## [About this task]
The data below holds a line containing "image for item" and a line containing "Yakutiye Tatbikat İlkokulu"; please quote exactly those two lines and every line between them, and nothing else.

## [Source data]
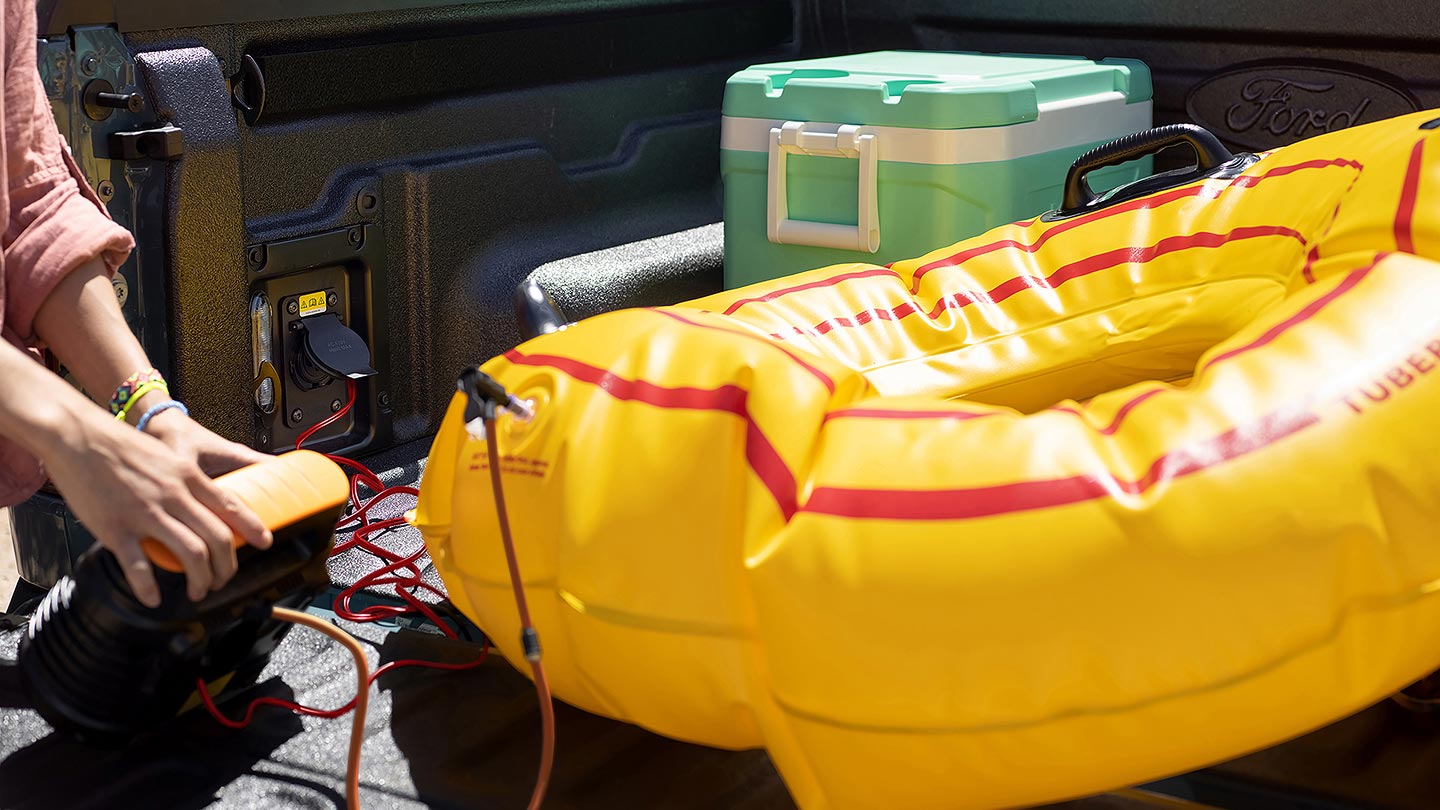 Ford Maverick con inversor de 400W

==

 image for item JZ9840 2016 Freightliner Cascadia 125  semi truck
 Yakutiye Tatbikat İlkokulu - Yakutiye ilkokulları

## [Answer section]
 image for item JZ9840 2016 Freightliner Cascadia 125  semi truck
 Yakutiye Tatbikat İlkokulu - Yakutiye ilkokulları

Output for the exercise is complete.